# Model Evaluation

## Overview

This guide systematically evaluates weather model performance for energy market applications, emphasizing quantitative validation and operational testing.

## Evaluation Steps

Focus on metrics most relevant to your operations, such as power or price forecasts powered by Jua. If starting with weather data, prioritize real-life observations over analysis datasets like ERA5, as these often contain internal biases.

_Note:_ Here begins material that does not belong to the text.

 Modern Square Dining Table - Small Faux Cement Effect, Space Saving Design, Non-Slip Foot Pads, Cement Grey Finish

### Step 1: Model Assessment

1. Review model performance reports ([EPT-1.5](https://arxiv.org/abs/2410.15076), [EPT-2](https://arxiv.org/abs/2507.09703))
2. Decision: Proceed with evaluation.

{% hint style="info" %}
We recommend starting with our technical report to understand the model's capabilities before proceeding with your own evaluation.
{% endhint %}

### Step 2.1: Evaluate Your Impact Forecast

1. Generate generation or demand forecasts using model data
2. Compare with your existing provider
3. Decision: Proceed to trade evaluation.

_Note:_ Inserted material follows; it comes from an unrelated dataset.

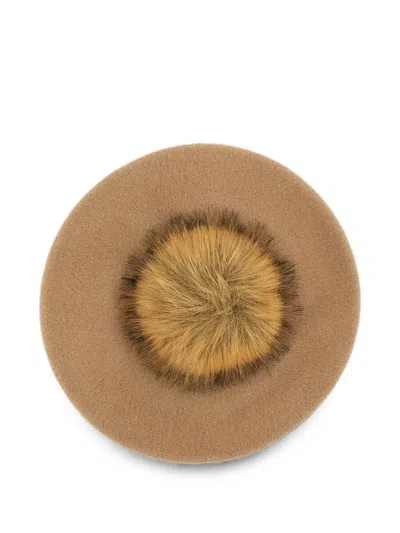 Borsalino Pom-pom Logo-plaque Beret In Neutral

### Step 2.2: Observations Benchmark

1. The best results are usually achieved by generating an impact forecast, but if you aim to have a weather comparison, we recommend comparing initial performance vs. station observations
2. Evaluate basic accuracy metrics
3. Decision: Continue to detailed testing?

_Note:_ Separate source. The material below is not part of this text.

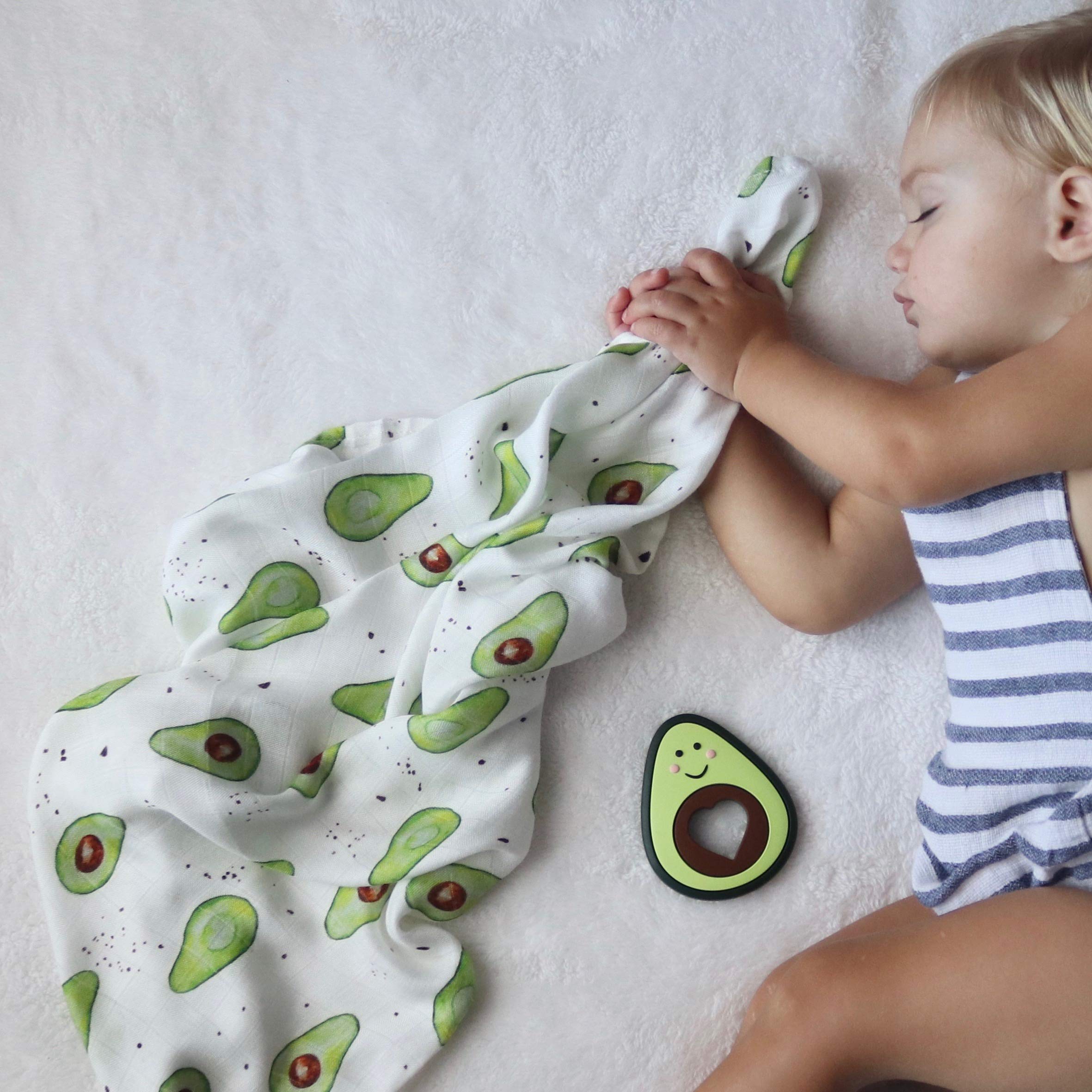 HexNex London UK Avocado Print Baby Muslin - 100% Bamboo - 60cm Square - Super Soft Fabric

### Step 3: Trading Signal Test and PnL Backtest

1. Simulate historical market scenarios and strategies and conduct paper trading tests.
2. Decision: Is ROI there?

## Example: Weather Model Testing Framework for Spot Markets

#### Approach 1: Generation or Demand Forecast

**Prerequisites:**

* Existing operational forecast using the current forecast provider
* New Impact forecast powered by Jua

**Key Metrics:**

* **Wind Power Forecast accuracy (12-36hr horizon)**
* Solar Power Forecast accuracy (12-36hr horizon)
* Demand forecast accuracy (12-36hr horizon)
* Price forecast accuracy (12-36hr horizon)

**Evaluation Approach, example Day-Ahead Germany:**

1. Jua EPT-2 & 3rd party forecast based Wind Power Forecast performance against realized power data in Germany
2. Compare each model performance against actuals
3. Calculate improvement metrics between models

#### Approach 2: Ground Truth Validation

**Prerequisites:**

* Weather station data
* Defined forecast window (typically 12-36hr for day-ahead markets)

**Testing Protocol:**

1. Forecast Evaluation:
   * Compare ECMWF HRES or your preferred model 12-36hr forecasts against ground truth
   * Compare Jua 12-36hr forecasts against ground truth
2. Performance Analysis:
   * Calculate error metrics (RMSE, MAE, bias)
   * Analyze temporal patterns in forecast accuracy
   * Identify systematic biases or errors

### Approach 3: Advanced Validation

**Option A: Live Strategy Testing & Historical PnL Backtesting**

1. Setup:
   * Historical market simulation with trading strategy
   * Trading strategy implementation
2. Analysis:
   * Calculate theoretical PnL
   * Stress test under different market conditions
   * Sensitivity analysis to forecast errors


---

# Agent Instructions: Querying This Documentation

If you need additional information that is not directly available in this page, you can query the documentation dynamically by asking a question.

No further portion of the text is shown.